Проводимое Сталиным «раскулачивание» привело в 1932–1933 годах на юге страны к голоду, жертвами которого стали от 2 до 7 миллионов человек. Когда Осип и Надежда Мандельштам 18 апреля 1933 года приехали в Старый Крым, они пережили шок от увиденного там: изнуренные голодом люди молили о куске хлеба, взламывали покинутые крестьянские дома в поисках муки. Чета Мандельштамов вынуждена была привезти свой скудный паек из Москвы, потому что в Крыму не было больше хлеба. Осип Мандельштам, потрясенный видом разрушенного рая и переживанием «радикального отчуждения»[353], не допускающего никакого сближения, написал в 1933 году одно из своих самых горьких политических стихотворений «Холодная весна, голодный Старый Крым». Это стихотворение находилось в его следственном деле, когда в мае 1934 года Мандельштама допрашивали на Лубянке. Сравнение «как при Врангеле» (то есть как во время Гражданской войны) звучало острым осуждением предательского «голодного оружия» Сталина. Историки говорят в этой же связи о «голодоморе» (см. специальный номер журнала «Osteuropa» 2004, 12)[354]. С моей точки зрения, анализ текста этого стихотворения выявляет нехарактерные для русской языковой нормы повторы сочетаний звуков /ал/, /али/, /ста/, /а…и…н/ и, соответственно, их метатез, которые придают стихотворению явствующую из субтекста форму апелляции:

Холодная весна. Голодный  Старый Крым,

Как был при Врангеле — такой же виноватый,

Овчарки на дворе, на рубищах заплаты,

Такой же серенький, кусающийся дым.

Все так же хороша рассеянная даль

Деревья почками набухшие на малость

Стоят как пришлые, и возбуждает жалость

Вчерашней глупостью украшенный миндаль.

Природа своего не узнает лица.

И тени страшные — Украины, Кубани…

Как в туфлях войлочных голодные крестьяне

Калитку стерегут, не трогая кольца…[355]

Я считаю, что поэт при помощи усиленного знакового воздействия (Hyposemiose) вписал в текст в виде анаграммы как имя виновника катастрофы в качестве «слова-темы» («mot-th?me»)[356], так и имя свидетеля катастрофы и антипода Сталина — «Мандельштама». Особое положение в стихотворении занимает лексема «миндаль», «миндальное дерево» — знаковым образом перевернутая последовательность звуков ал — ин. Она пробуждает связанные с миндальным деревом ветхозаветные ассоциации: прежде всего признак избранности (зазеленевший посох Аарона из миндального дерева в Четвертой Книге Моисея), а также то сладкие, то горькие плоды миндального дерева как символ исполненных печали грядущих времен (в Книге Кохелет или Екклесиаст).
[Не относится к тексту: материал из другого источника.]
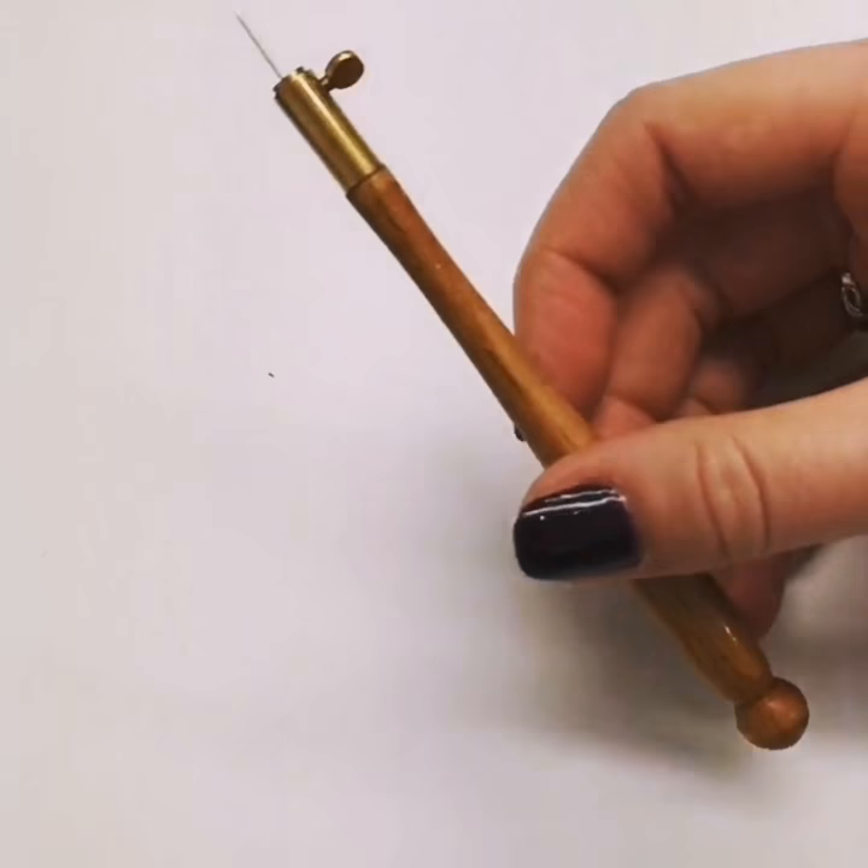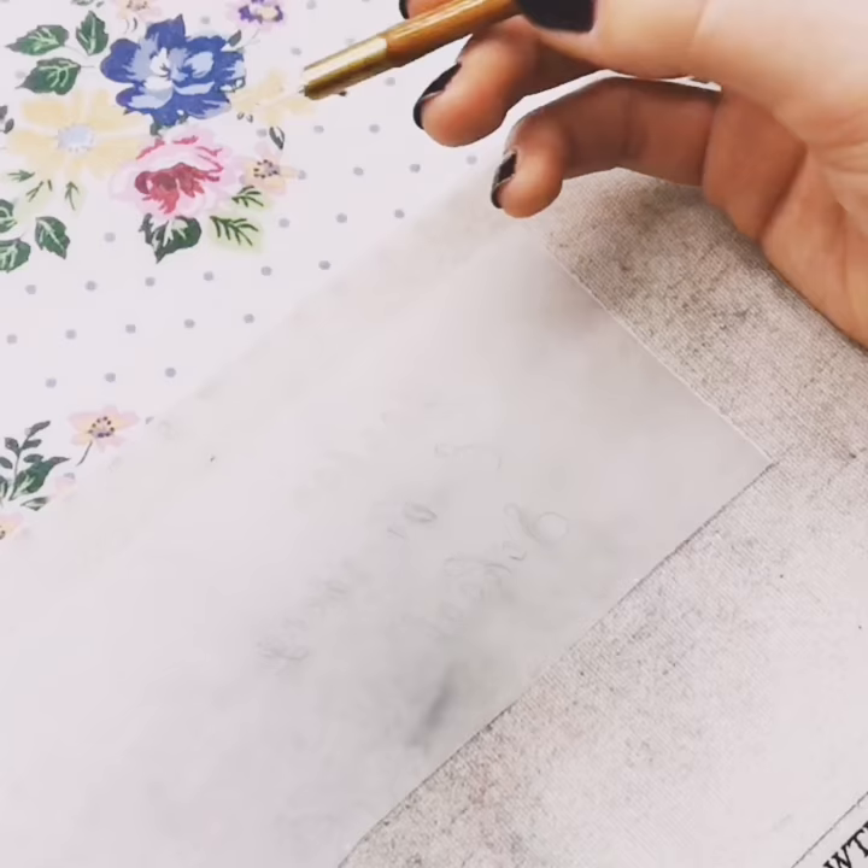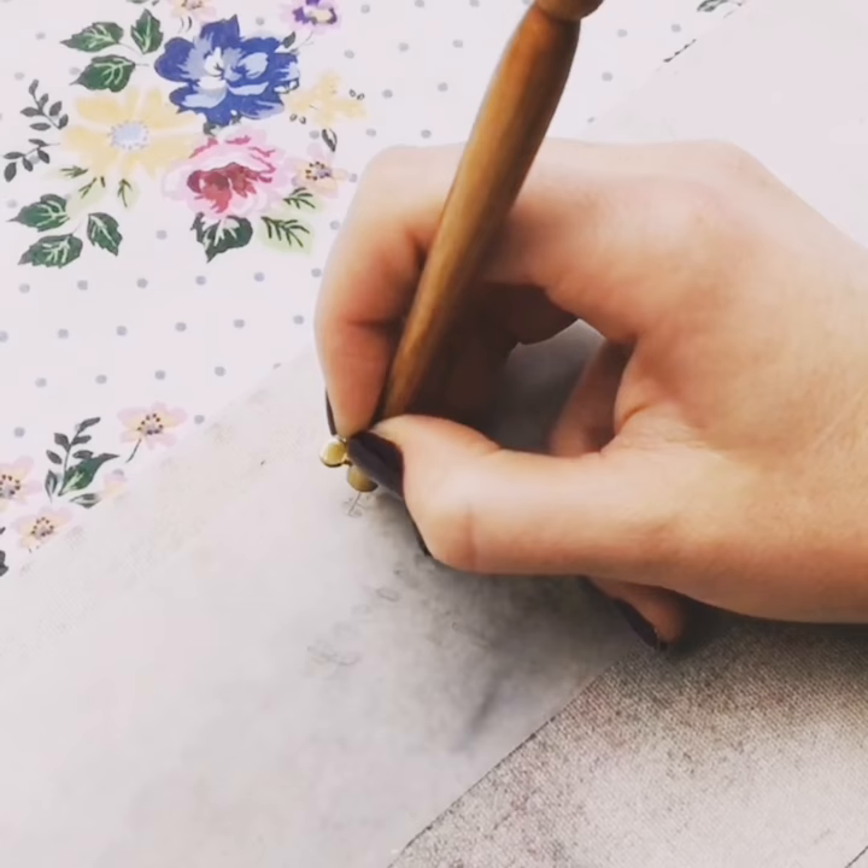Holding it upright, 90 degrees to the paper, punch a series of holes along the lines of your guide. Not so close as they make one big cut, but close enough for an accurate pattern.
В Старом Крыму автора занимали не только убийственные следы сталинской коллективизации, но — казалось бы, парадоксальным образом — поэты итальянского Ренессанса Ариосто и Тассо[357]. Но прежде всего Данте: в 1933 году в Крыму был создан самый значительный поэтологический текст Мандельштама «Разговор о Данте», и здесь же этот его интерес разделил Андрей Белый[358]. 28 мая 1933 года Мандельштам отправился в Коктебель. Он поднялся к могиле Волошина, расположенной «на левом черепашьем берегу Ифигениевой бухты», и там записал в свою записную книжку похвалу поэту, «наибольшему спецу в делах зоркости», который вел такую «ударную дантовскую работу по слиянию с ландшафтом»[359].